I appreciated that balance. It kept the week from becoming too narrow and repeatedly reminded us that innovation depends not only on technical knowledge, but also on communication, ethics, public understanding, and the ability to work across cultures. Outside the formal sessions, there was also time to explore Eindhoven and talk informally with students from other universities.
The visit to the municipality and the final pitch preparation also changed the tone of the week. Once the project stopped feeling like an internal exercise and became something we would present to a jury with municipal stakeholders, the standard became more serious. We naturally became more careful about clarity, realism, and public impact.

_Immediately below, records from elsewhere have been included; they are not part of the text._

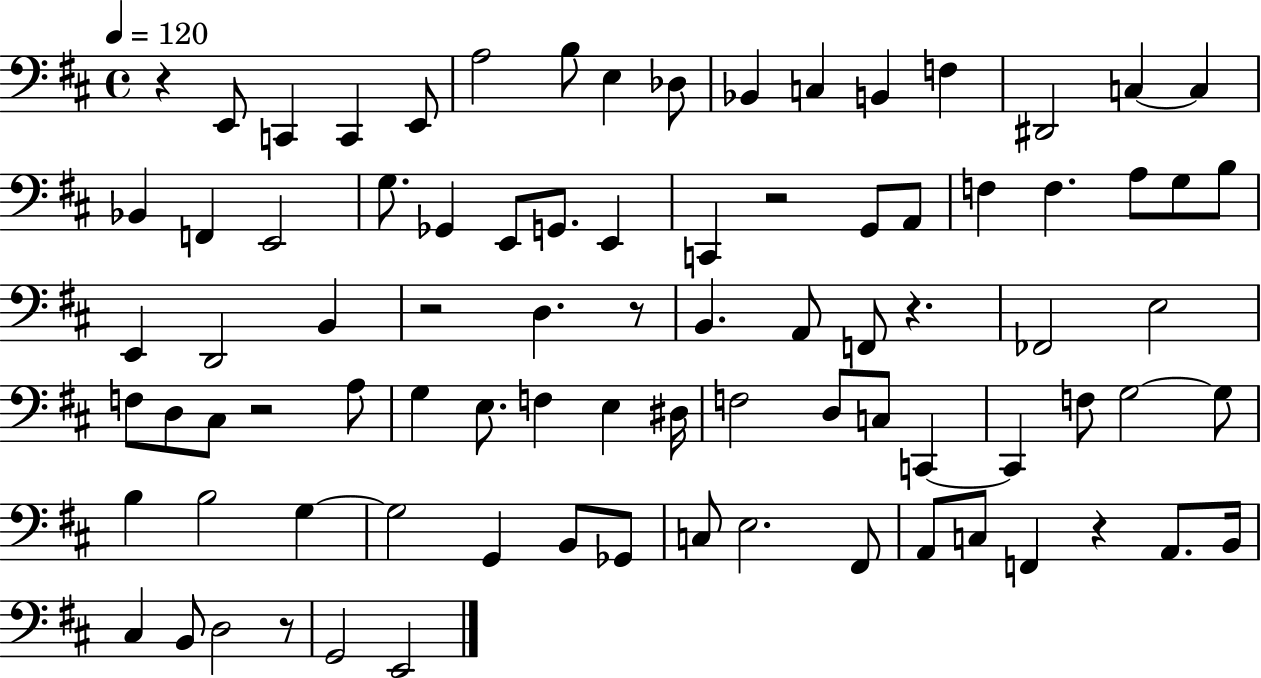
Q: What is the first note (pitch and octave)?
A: E2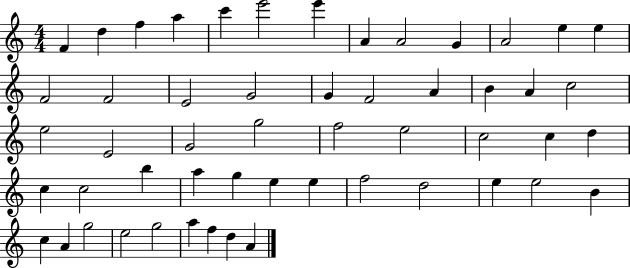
X:1
T:Untitled
M:4/4
L:1/4
K:C
F d f a c' e'2 e' A A2 G A2 e e F2 F2 E2 G2 G F2 A B A c2 e2 E2 G2 g2 f2 e2 c2 c d c c2 b a g e e f2 d2 e e2 B c A g2 e2 g2 a f d A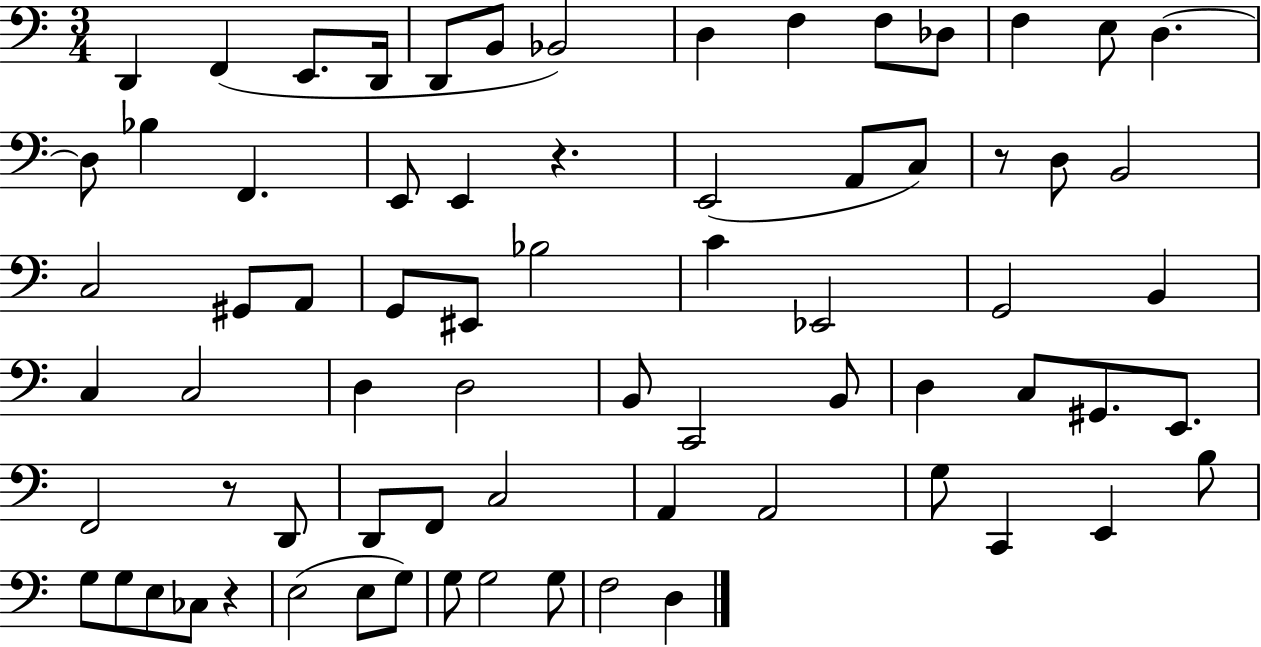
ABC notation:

X:1
T:Untitled
M:3/4
L:1/4
K:C
D,, F,, E,,/2 D,,/4 D,,/2 B,,/2 _B,,2 D, F, F,/2 _D,/2 F, E,/2 D, D,/2 _B, F,, E,,/2 E,, z E,,2 A,,/2 C,/2 z/2 D,/2 B,,2 C,2 ^G,,/2 A,,/2 G,,/2 ^E,,/2 _B,2 C _E,,2 G,,2 B,, C, C,2 D, D,2 B,,/2 C,,2 B,,/2 D, C,/2 ^G,,/2 E,,/2 F,,2 z/2 D,,/2 D,,/2 F,,/2 C,2 A,, A,,2 G,/2 C,, E,, B,/2 G,/2 G,/2 E,/2 _C,/2 z E,2 E,/2 G,/2 G,/2 G,2 G,/2 F,2 D,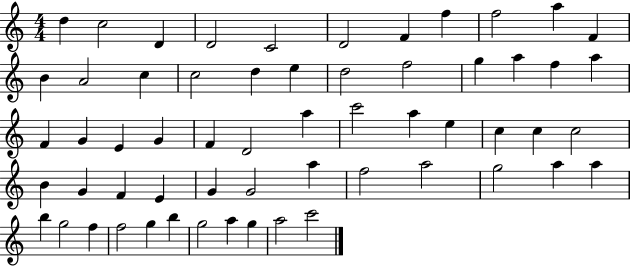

Figure 2: Presenting our project.
Figure 3: A multicultural food exchange bringing together students from all universities.
7. Reflection
If I had to summarise the week in one sentence, I would describe it as a short but intense experience that brought together technical thinking, teamwork, real-world context, and interdisciplinary collaboration more effectively than I expected.
Altough I would still have welcomed more technical depth in some parts of the programme. What made the week memorable was not only the topic of Data and AI itself, but the fact that those ideas had to be relevant for a real city or urban setting. SmartStreets may have started as a student concept, yet the process behind it felt genuinely worthwhile and unique because it required technical reasoning, design thinking, civic perspective, and close collaboration across different non-technical backgrounds.